I am using qla2xxx that supports Multi-ID, and in that code there is
interrupt when ever the number of vport changed. This interrupt call to
qla24xx_report_id_acquisition() and in this function there is a call to
wake_up_process(ha->dpc_thread) which is not protected.
It should call to qla2xxx_wake_dpc(ha) which is now protected.

Thanks,
Gal.

On Tue, 2008-07-22 at 09:44 +0300, Gal Rosen wrote:
> Revision 470 still panic.
> 
> [67324.049497] [4525]: scst: exit_scst:1652:SCST unloaded
> [67324.765692] qla2xxx 0000:06:00.1: LIP reset occured (f8ef).
> [67325.295690] qla2xxx 0000:06:00.1: LIP occured (f8ef).
> [67325.315689] qla2xxx 0000:06:00.1: LOOP UP detected (4 Gbps).

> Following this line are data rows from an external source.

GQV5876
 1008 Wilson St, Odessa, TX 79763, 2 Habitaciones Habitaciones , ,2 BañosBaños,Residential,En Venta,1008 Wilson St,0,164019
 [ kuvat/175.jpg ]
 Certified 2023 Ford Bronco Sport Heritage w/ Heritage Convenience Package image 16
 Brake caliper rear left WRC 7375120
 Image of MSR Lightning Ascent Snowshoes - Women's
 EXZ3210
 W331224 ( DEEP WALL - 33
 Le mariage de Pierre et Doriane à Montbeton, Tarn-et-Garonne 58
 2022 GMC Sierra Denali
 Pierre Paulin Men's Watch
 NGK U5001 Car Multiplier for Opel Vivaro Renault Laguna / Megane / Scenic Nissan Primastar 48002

> [67325.415700] Unable to handle kernel NULL pointer dereference at
> 0000000000000008 RIP: 
> [67325.416599]  [<ffffffff80226b1e>] task_rq_lock+0x2e/0x90
> [67325.418171] PGD 22d737067 PUD 22df2d067 PMD 0 
> [67325.419114] Oops: 0000 [1] SMP 
> [67325.419736] CPU 0 
> [67325.420162] Modules linked in: qla2xxx loop scsi_transport_fc
> [67325.421333] Pid: 4382, comm: qla2xxx_12_dpc Tainted: GF
> 2.6.23.8-64bit-fc-nfs #10
> [67325.422998] RIP: 0010:[<ffffffff80226b1e>]  [<ffffffff80226b1e>]
> task_rq_lock+0x2e/0x90
> [67325.424736] RSP: 0018:ffff81022e14bb00  EFLAGS: 00010086
> [67325.425870] RAX: 0000000000000086 RBX: 000000000000000f RCX:
> 0000000000000000
> [67325.427379] RDX: 0000000000000000 RSI: ffff81022e14bb80 RDI:
> 0000000000000000
> [67325.428899] RBP: ffff81022e14bb20 R08: 0000000000000000 R09:
> ffff81022d160010
> [67325.430406] R10: 0000000000000000 R11: ffffffff8050faf0 R12:
> ffffffff807a4000
> [67325.431925] R13: 0000000000000000 R14: ffff81022e14bb80 R15:
> 0000000000000246
> [67325.433433] FS:  0000000000000000(0000) GS:ffffffff8071d000(0000)
> knlGS:0000000000000000
> [67325.435147] CS:  0010 DS: 0018 ES: 0018 CR0: 000000008005003b
> [67325.436371] CR2: 0000000000000008 CR3: 000000022dec0000 CR4:
> 00000000000006e0
> [67325.437890] DR0: 0000000000000000 DR1: 0000000000000000 DR2:
> 0000000000000000
> [67325.439398] DR3: 0000000000000000 DR6: 00000000ffff0ff0 DR7:
> 0000000000000400
> [67325.440921] Process qla2xxx_12_dpc (pid: 4382, threadinfo
> ffff81022e14a000, task ffff81022c6040c0)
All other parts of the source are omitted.